» **SUPPLIED MATERIAL**

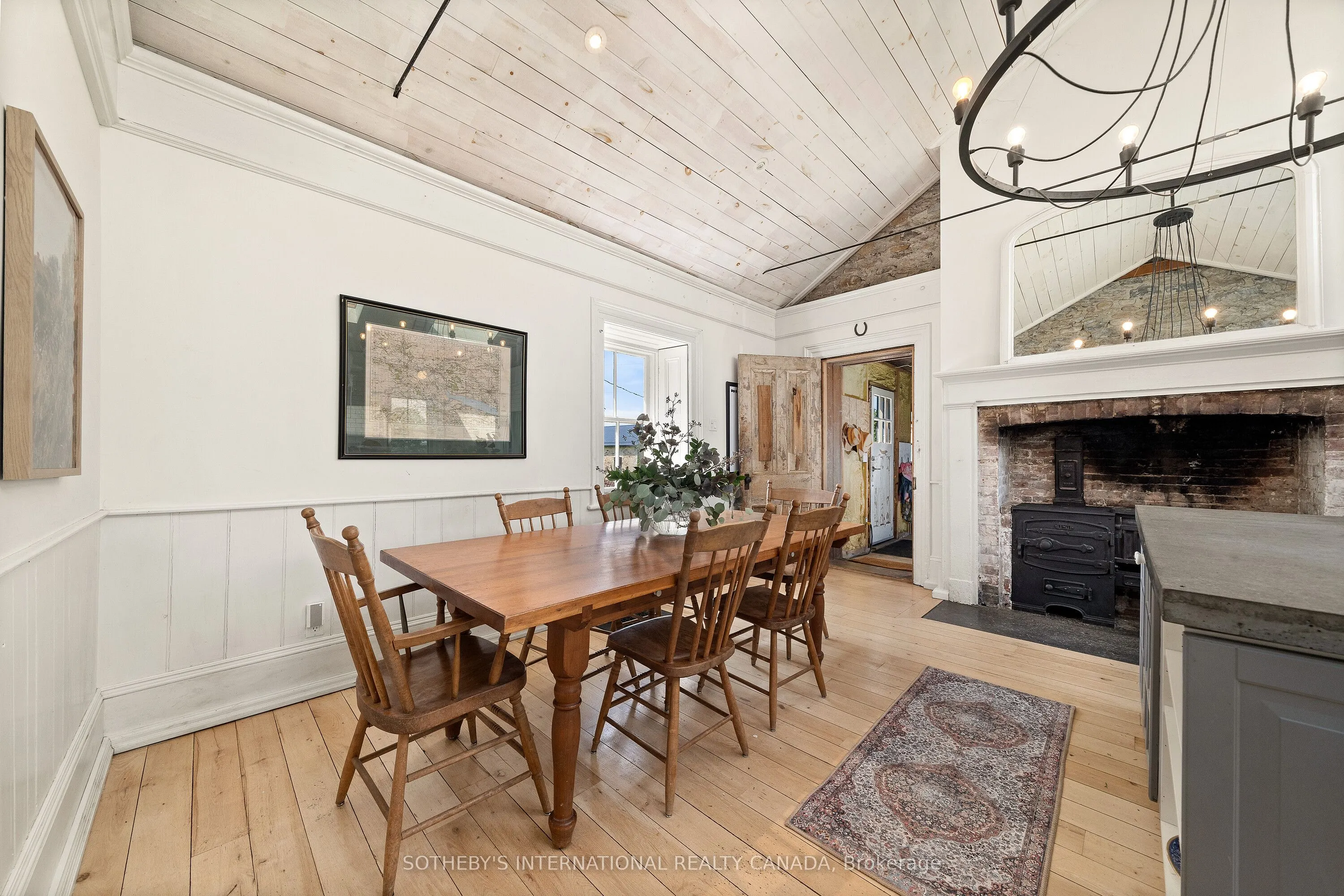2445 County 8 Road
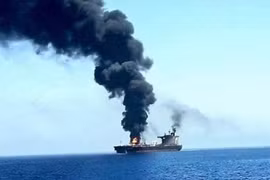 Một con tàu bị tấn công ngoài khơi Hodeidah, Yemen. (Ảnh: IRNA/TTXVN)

--

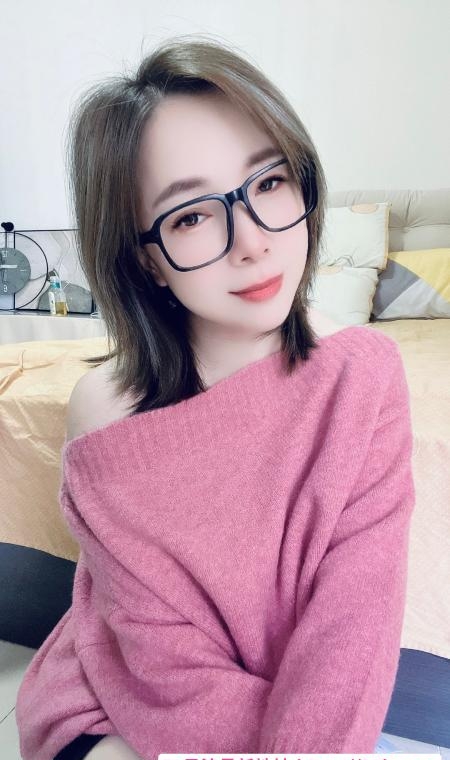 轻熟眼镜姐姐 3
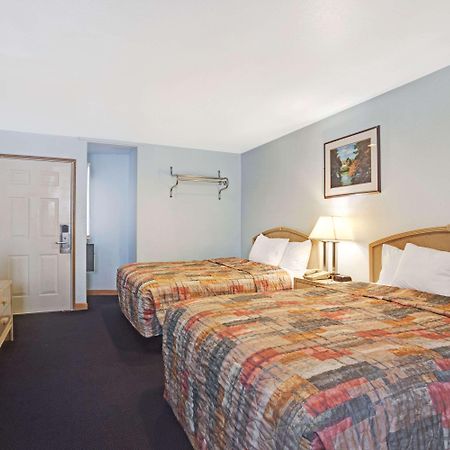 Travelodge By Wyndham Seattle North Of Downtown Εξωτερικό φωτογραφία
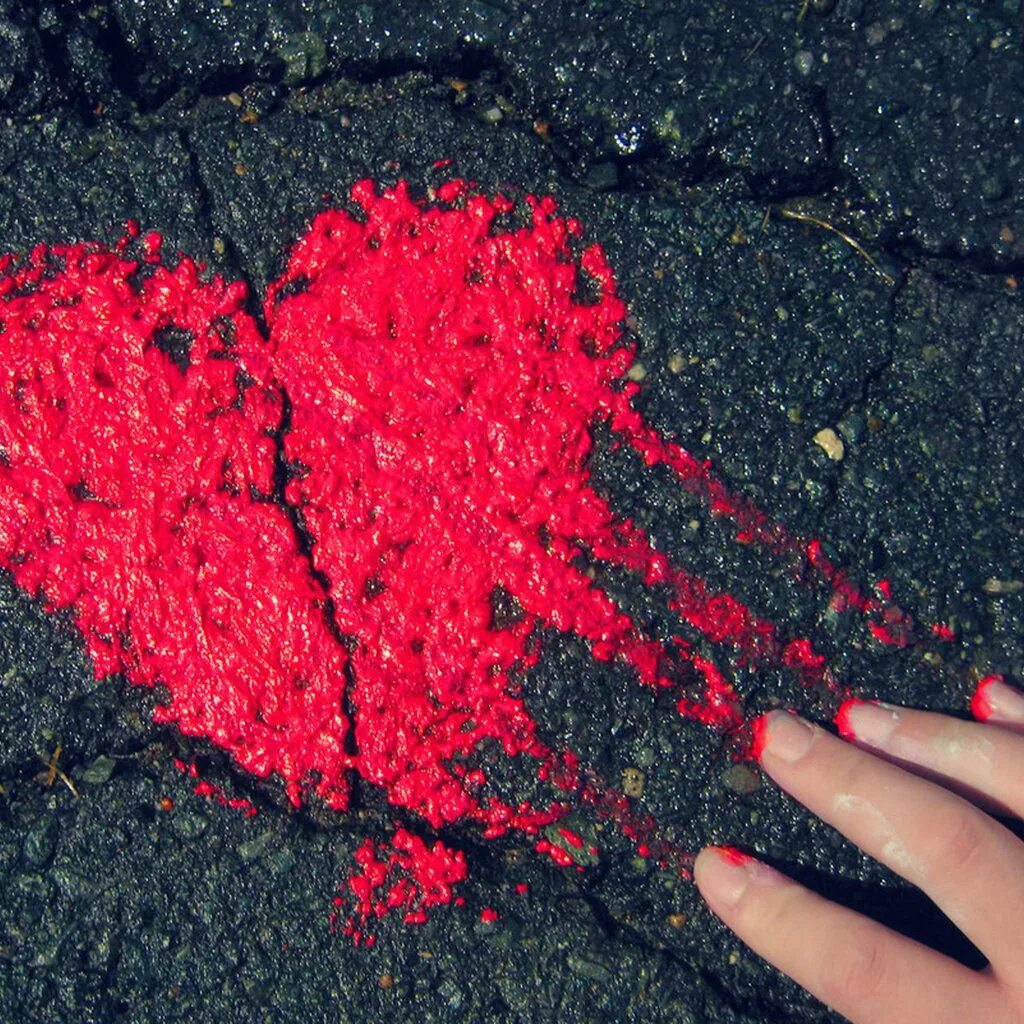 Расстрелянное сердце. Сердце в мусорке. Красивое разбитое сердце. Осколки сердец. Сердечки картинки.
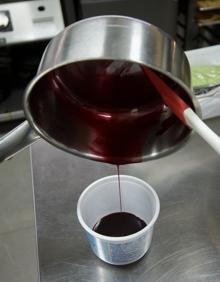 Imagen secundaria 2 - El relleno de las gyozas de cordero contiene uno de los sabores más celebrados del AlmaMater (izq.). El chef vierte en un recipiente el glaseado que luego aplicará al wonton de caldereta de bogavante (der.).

» **WORK INSTRUCTION**
Print an exact copy of the lines above, from the one containing "2445 County 8 Road" through the one containing "Một con tàu", and leave out the pictures.

» **COMPLETED EXERCISE**
2445 County 8 Road
 Một con tàu bị tấn công ngoài khơi Hodeidah, Yemen. (Ảnh: IRNA/TTXVN)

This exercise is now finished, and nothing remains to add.